===== Records for processing =====

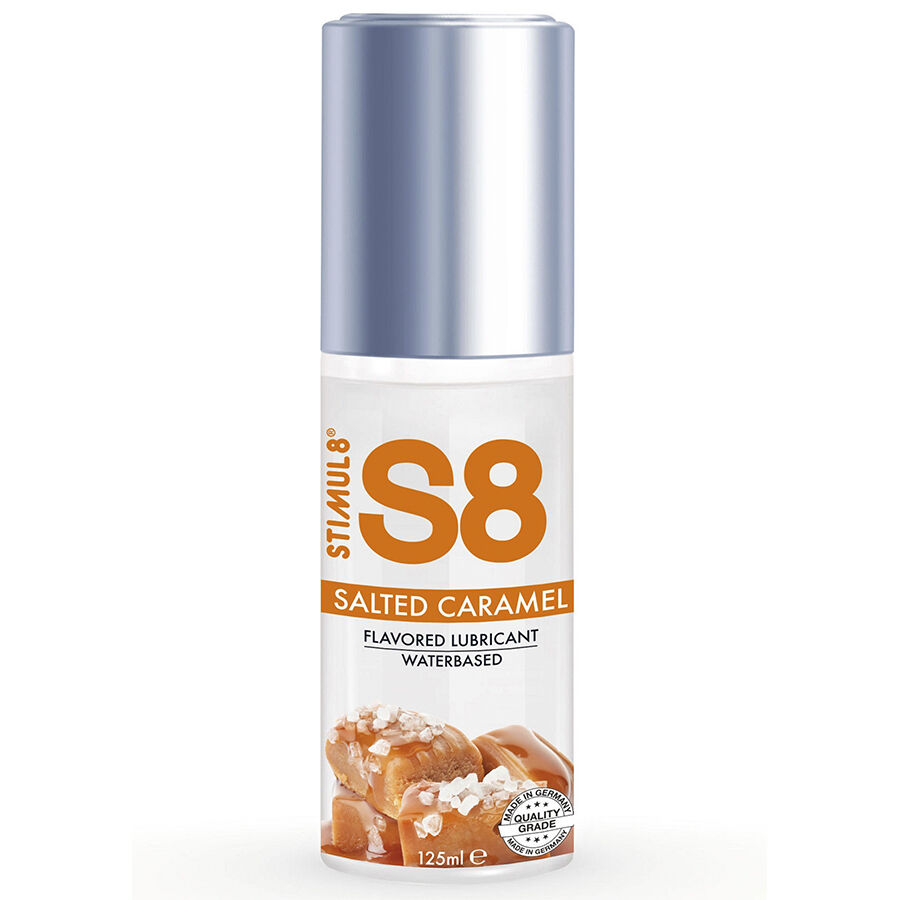 STIMUL8 – S8 LUBRIFICANTE AL CARAMELLO SALATO 125 ML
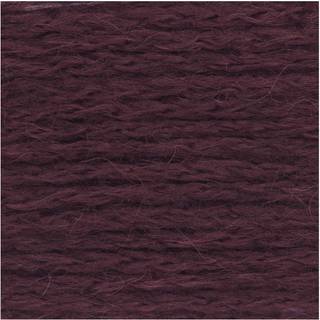 Rico Luxury Alpaca Superfine aran - Weinrot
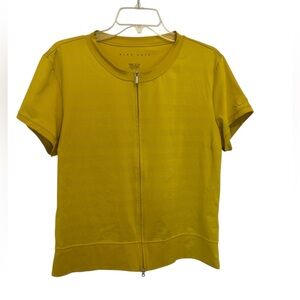 Nike short sleeve zip jacket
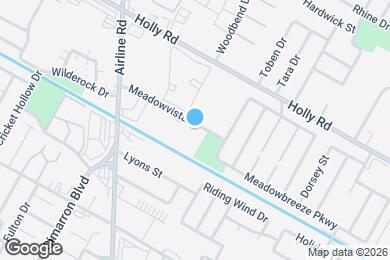 Map image of the property - Sawgrass Apartments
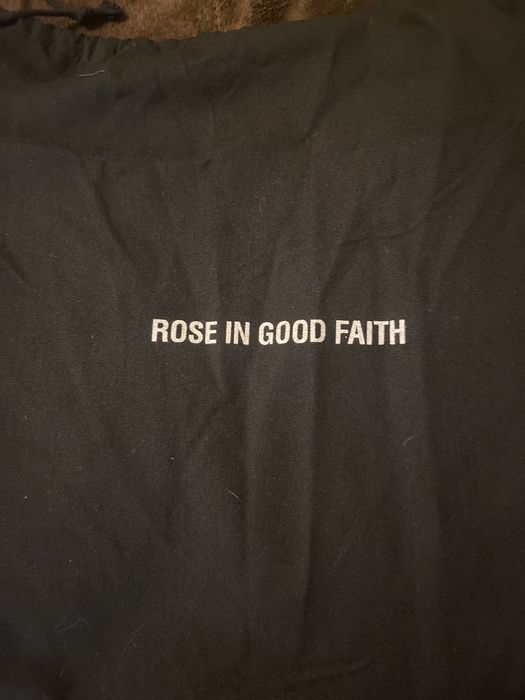 ROSE IN GOOD FAITH RIGF x Juice WRLD Grailed
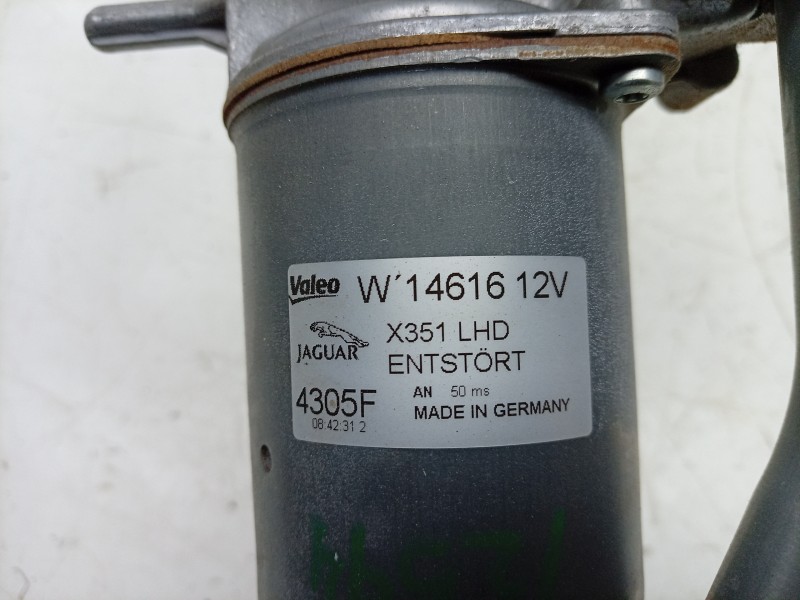 Recambio de motor limpia delantero para jaguar xj (x351) 3.0 sdv6 referencia OEM IAM C2D30570 AW9317500AB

=====

• [Goal of the exercise]: What do the lines above say from the line containing "Rico Luxury Alpaca Superfine aran - Weinrot" through the last line? Quote them exactly, both ends included, and leave out the pictures.

• [Solution to the problem]:
 Rico Luxury Alpaca Superfine aran - Weinrot
 Nike short sleeve zip jacket
 Map image of the property - Sawgrass Apartments
 ROSE IN GOOD FAITH RIGF x Juice WRLD Grailed
 Recambio de motor limpia delantero para jaguar xj (x351) 3.0 sdv6 referencia OEM IAM C2D30570 AW9317500AB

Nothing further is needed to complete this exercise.